Gloria watched me play for fifteen minutes one night, and she said "Sometimes you just have to make things go BOOM."


It's not just about the explosions, though. The game engine is absolutely superb, rendering tremendous amounts of detail with minimal pop-up and almost zero framerate slowdowns.

And Mars is beautiful. It's vast and sweeping, geographically imposing, and truly impressive to drive through. The geography lends itself to a better game, because there is no need for narrow streets and masses of pedestrians (saying the same dozen stupid phrases over and over)--these vistas are wide open, generally, so any quibbles with the driving model are erased by the forgiving design. Roads and off-road are frequently not very different from each other, which encourages experimentation.
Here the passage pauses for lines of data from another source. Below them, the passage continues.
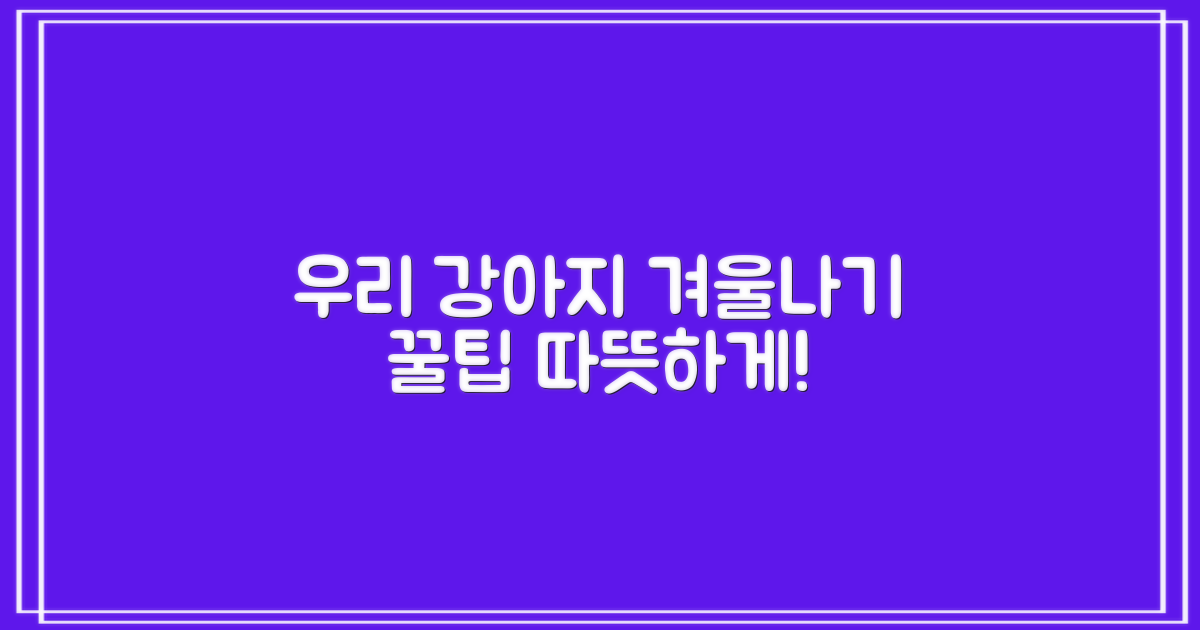우리 강아지를 따뜻하게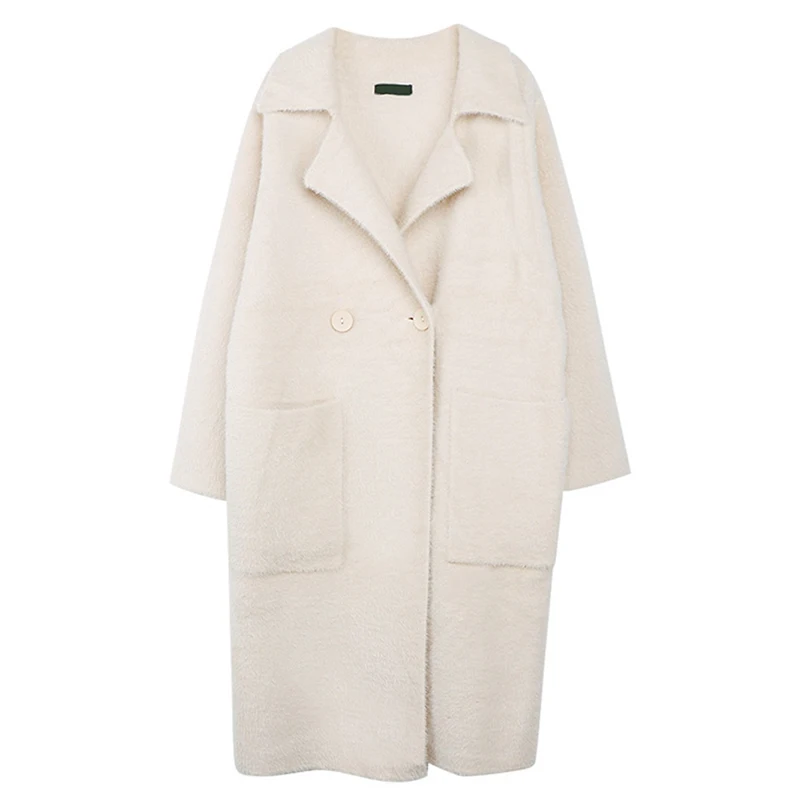 2019 осень зима женский модный Свободный Повседневный большой Тренч бежевый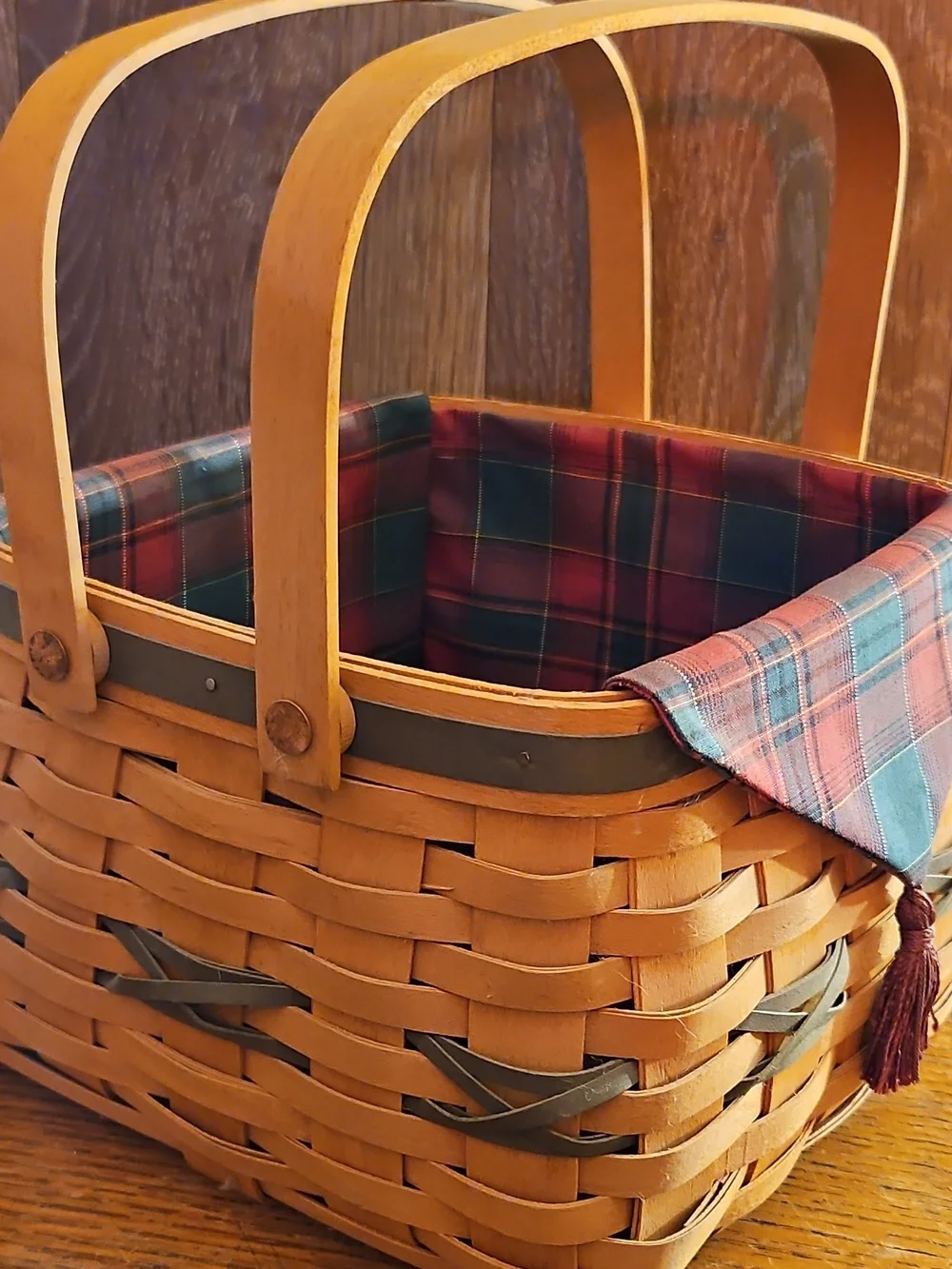 Longaberger Woven Basket with Red and Green Plaid Liner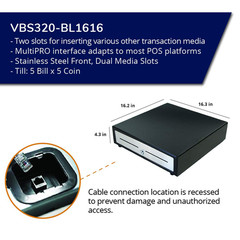 APG Standard- Duty 16” Electronic Point of Sale Cash Drawer | Vasario Series VBS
The result of this experimentation? Some spectacularly sick jumps, as exciting as any action movie you've ever seen.

In general, and this is another primary design strength of the game, the possibilities for experimentation (and its rewards) are almost unlimited. Any mission can be approached in many ways, because only the objective is defined.

Here's an example. I found trails through the mountains--narrow trails that were to small for a vehicle to use. Through some creative ledge scrambling and jumping, I was able to wreak heavy destruction on enemy infrastructure from a distance, and it was almost impossible for them to come get me.

It took time to find these areas, and it's not the most intuitive way to go about some of these missions. It might not even be the best way. What matters to me, though, is that I could do it, and there was nothing to stop me. That's how open world games are supposed to work.

And it's not just that the game will let you do anything. In addition to that freedom, excellent design touches are everywhere. One example is that the vehicles available for your use at safehouses change, so instead of getting comfortable with one vehicle and using it every time, you're encouraged to drive all the vehicles, and given how differently they handle (and how differently they're sized), it adds another dimension to the experience.

More touches? A flawless GPS system. A very striking day/night cycle. A morale system that punishes you when you kill freedom fighters.

It wasn't rushed. It's not unfinished. It's a highly-polished game, and it shows.

Did I mention the jetpack?

That's right. Sledgehammer. Rocket launcher. Jetpack. Seriously, there's lots more, but what the hell else do you need?

Is it perfect? No, although any complaints I have are minor. There are a limited number of mission types (nine, I think), so even as you progress to different areas, the missions are generally similar. There are so many different ways to approach them, though, and you get progressively more inventive (with more powerful weapons) as you go, so it doesn't bog down.

I'd also like for more distinctive personalities to emerge on the enemy side. Maybe that comes later in the game (I'm about 2/3 through), but it hasn't happened yet, and I'd like to get a sense of some individual menace.

One last touch of pure genius: the mission briefings are given by the same voice actor (Michael McConnohie) who starred in Crackdown ("Skills for kills, agent. Skills for kills.").

It's epic. Wait, let me correct that--it's EPIC.